I think they lasted about the same length of time as the Scotland - Zebrugge route.


----------



## Mrplodd

Has anyone asked them if they are offering their 20% discount for over 60's on these routes as they have on their cross channel ones?


----------



## Sideways86

Al42 said:


> Sideways86 said:
> 
> 
> 
> BF £1678 for me for campervan 9m and bike trailer plus inside cabin both ways
> 
> same to Gijon with LD £748 I have just rechecked !
> 
> 
> 
> I have just inputted your dimensions, assumed 3m high, into BF and LD for out early Feb return early April.
> 
> LD lines £728(inside cabin)
> £848(outside cabin)
> 
> BF  £1008(inside 2 berth)
> £1038(outside 2 berth)
> 
> with 10% £922 or £952
> 
> So for outside cabin aprox £100 dearer.
> Of course dates and other factors such as height can make a big difference, I don't think LD lines charge more for higher than 3.2m but BF does.
> 
> BUT
> 
> LD lines take all your money at time of booking and is non refundable.
> 
> BF conditions have been posted in another reply.
> 
> BF have been operating this route for many years and have seen off P&O and another cheap operator,whose name escapes me, who tried to undercut BF a few years ago.This firm operated for a very short time and pulled off the route with very little notice leaving many people with problems.
> 
> For someone contemplating using any of the Spanish crossings regularly,(once a year) I would say join the BF travel club and get 30%discount, the fare may still be slightly higher but in my opinion would be worth it.
Click to expand...

Out on 29th July and back around 14th August, I am pressing all the right buttons and not lyig Honest!


----------



## Al42

Sorry didn't mean to imply that  
Just pointing out different rates and I did say that:

"Of course dates and other factors such as height can make a big difference,"


----------



## Sideways86

Al42 said:


> Sorry didn't mean to imply that
> Just pointing out different rates and I did say that:
> 
> "Of course dates and other factors such as height can make a big difference,"

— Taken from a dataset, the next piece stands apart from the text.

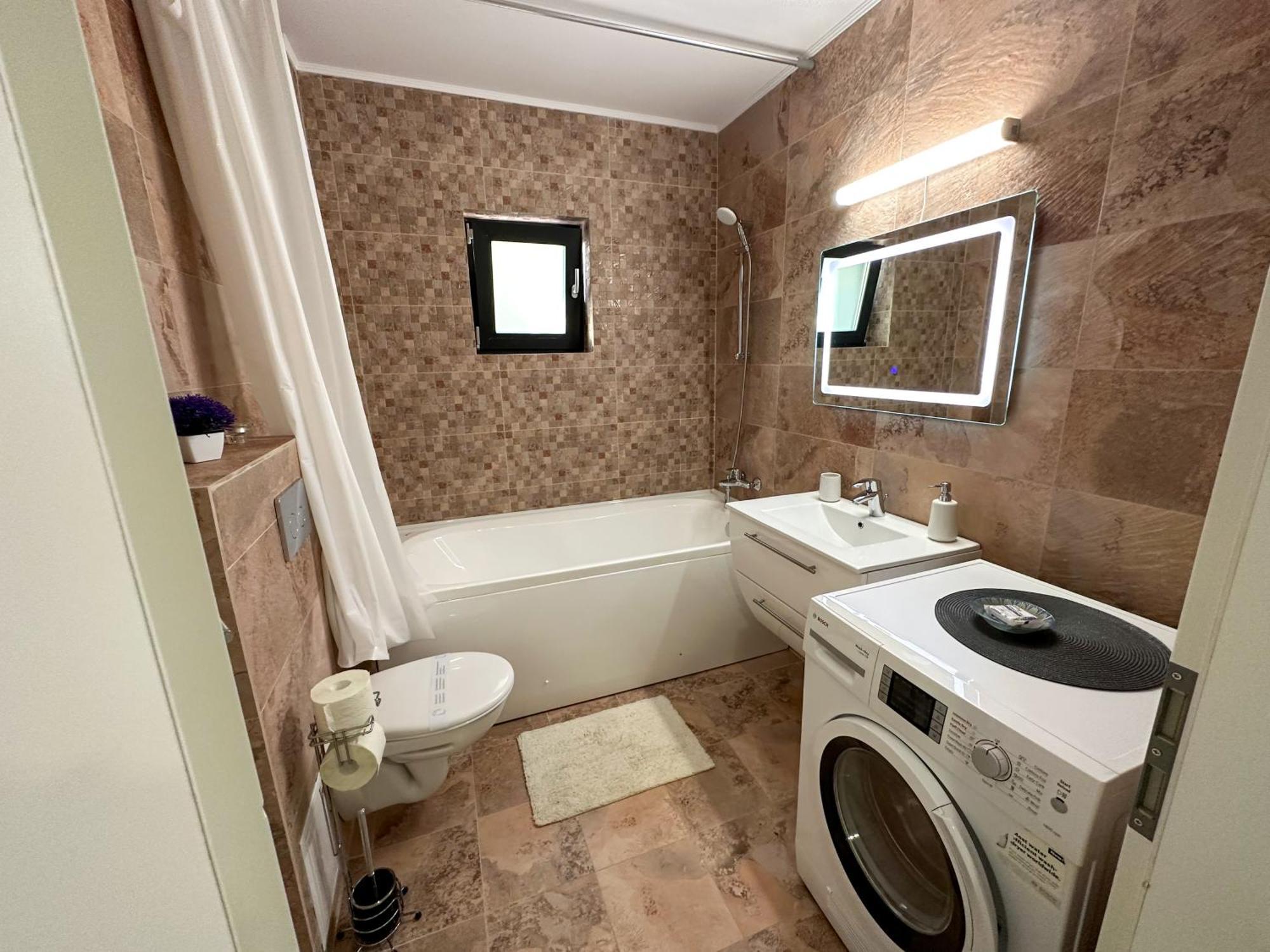 Zim Family Airport Apartment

J = Joke, light hearted jest, I am taken back by the difference which I why I have asked about the vessel itself but nobody has volunteered information on the actual vessel

I have been on the Norman Voyager and compared to the DFDS vessels out of Dover the Voyager is a crate!

I don't really want to cross The Bay of Biscay in a crate either!


----------



## Al42

The Norman Asturias has been described on other threads, a search might find them. Basically the boat is not a bucket but is no cruise ferry, helpful Portugese crew, basic cafeteria,bar & lounge area, small duty free, no entertainment. We have used the boat on the Gijon - St. Nazaire route several times, 14 hrs overnight is a different thing to 26 hrs though.


----------